From The Washington Post
Even a hyperactive terrier will sometimes melt to the floor, paws in the air and tongue alop, when he's approached by someone he trusts. But will he get a soul-satisfying belly rub this time or just a quick pat and tickle? The expectant pooch never knows.
So it is for fans of Peter Mayle, who became the adoptive bard of Provence with his phenomenally successful A Year in Provence. Will admirers open the ex-advertising man's ninth book and find the Mayle whose eye for detail and ear for language make for satisfying wallows in the south of France (the original Year, Hotel Pastis, Anything Considered) or the Mayle who sometimes slices the saucisson a bit thin in an effort to perpetuate his franchise (Toujours Provence, Encore Provence)?
The short answer is that A Good Year, Mayle's latest fictional confection, winds up slightly in the latter category. Once again we have the beleaguered Brit at an unhappy crossroad. In Hotel Pastis it was Simon Shaw being stripped bare by his newly minted ex-wife; in Anything Considered it was Bennett, the Brit on his uppers trying to score by flushing toilets in closed-up manor houses to keep an invented strain of dung beetles from invading the plumbing lines (that actually was funny). And once again the sunny south comes to the rescue, with the potential for making a living without losing one's soul, with a rasher of busty, leggy women and, of course, with good food and drink.
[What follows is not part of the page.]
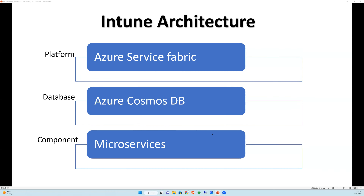In a microservices architecture, different nodes serve very dedicated functions. For example, when you deploy a policy or enroll a device in Intune, you reach out to a public cloud where one particular service handles that specific function. These microservices are built for a single function and can be scaled up depending on infrastructure load.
But, as the creators of television's "Law and Order" understand, why tamper with a winning formula? And thus are we launched into the marginal life of Max Skinner, a London investment banker suddenly deal-less and jobless on the streets of the City, where the day's weather forecast is for "scattered showers, followed by outbreaks of heavier rain, with a chance of hail."
And all this is followed, in Peter Mayle's classic caper formula, by timely good luck (inheritance, on the very day he loses his job, of a beloved uncle's big old house and vineyard in the hilly Luberon region of Provence), more good luck (dishy village maidens and a languid new lifestyle to explore), a halfway-engaging intrigue (an unknown American rival for the estate and the mysterious interest in vines that seem to produce nothing but pipi de chat – you know, cat pee) and then more good luck (they all drink happily every after). Coming soon to a movie theater near you, thanks to filmmaker Ridley Scott, whose "nose for a good story" got Mayle started on the rather thin plot and who already has "A Good Year" in production.
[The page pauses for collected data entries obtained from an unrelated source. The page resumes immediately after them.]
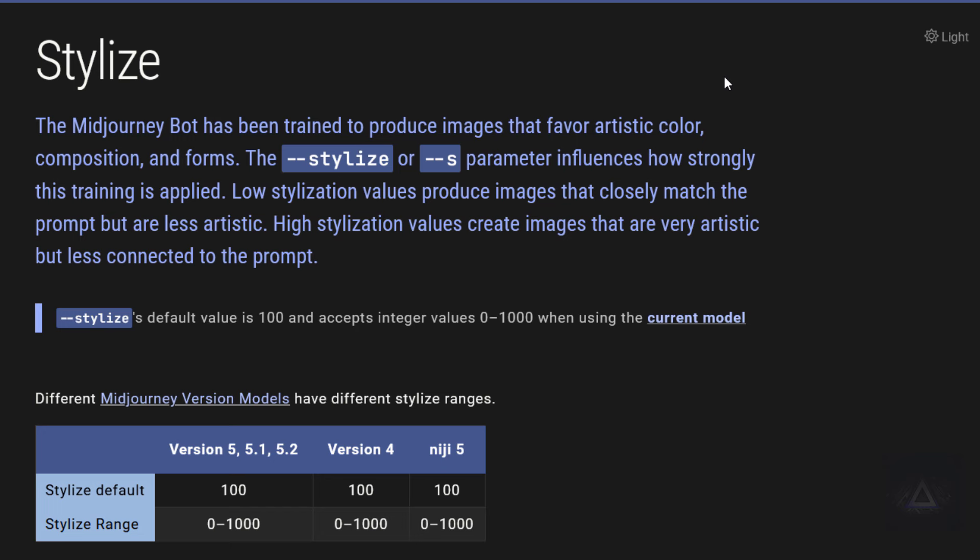So what's new with Midjourney? They've just introduced the Stylize Parameter in their AI for creating artistic images. This is a game-changer because it lets you play with the artistic style of your images, giving you more creative power.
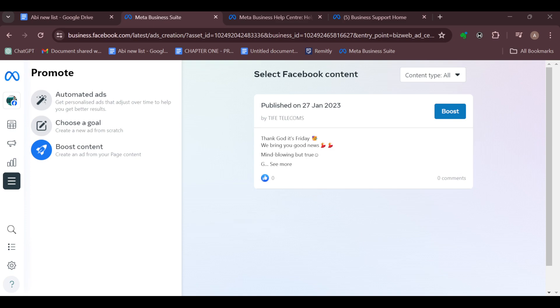All of the posts that you've made on the page will be displayed here. For me, I've only made one post, and that is the one being displayed here. Once you find the post that you would like to boost, just go ahead and click on Boost Post. After clicking on Boost, you'll be redirected to another page.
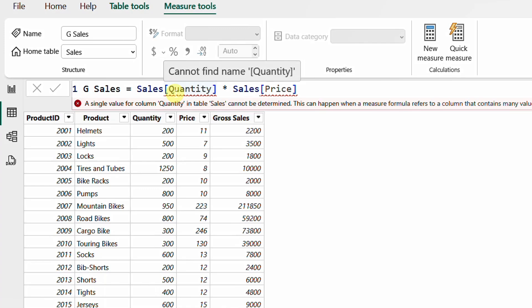Based on that, we can conclude that the row context is not a default inside a measure — nothing in the formula is telling the DAX engine to go row by row and multiply each quantity times each price. However, you can still invoke the row context inside a measure using an iterator function. We have plenty of iterator functions. The most famous group are the X family: SUMX, COUNTX, RANKX, MINX, MAXX, and so on.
Are we just being cranky? Maybe. There really is a comfort factor that assures long, profitable lives to characters – fictional detectives, for instance – whose next formula book readers learn to anticipate. But when the formula is presented practically bare-bones, with only cursory attempts at embellishment, heretofore faithful readers may walk away feeling they've been snookered.
Mayle's deftness with detail – grace notes rather than entire imagery-laden passages – has been thoroughly catalogued. But there's detail that moves you right along: "He turned off the N7 toward Rognes and followed the narrow road that twisted through groves of pine and oak, warm air coming through the open window, the sound of Patrick Bruel whispering 'Parlez-moi d'amour' trickling like honey from the radio." (Okay, moves you along with a little huffing and puffing.) And then there's detail that stops you cold: " 'Air France to Marseille?' The girl at the desk didn't even bother to consult her computer. 'Out of luck there, sir. Air France doesn't fly direct to Marseille from London anymore. I could try British Airways.' "
Yes, by all means, please do.
The caper in A Good Year revolves around a mysterious small-batch cult wine that never makes it to the wine store and trades as an investment. But given that the bulk of Mayle's faithful are presumed Francophiles and therefore at least marginally interested in viticulture, the false note on page 90 is perplexing. As Max inspects his vineyard for the first time he finds a piece of his land that "sloped away gently down to the east… the surface appeared to consist entirely of jagged limestone pebbles, blinding white in the sun, warm to the touch, an immense natural radiator. It seemed unlikely that even the most undemanding of weeds could find sufficient nourishment to grow here. And yet the vines appeared to be healthy."
Perhaps Max has never read descriptions of the poor, gravelly soil in many of the finest districts of Bordeaux, source of some of the priciest wines in the world. But those who have done so are doomed to spend the next 197 pages wondering why Mayle would give the game away so early. Kindly interpretation: We're meant to read on, smiling slightly, feeling superior to poor Max. Or, darker thought: Mayle thinks we're clueless enough to fall for this.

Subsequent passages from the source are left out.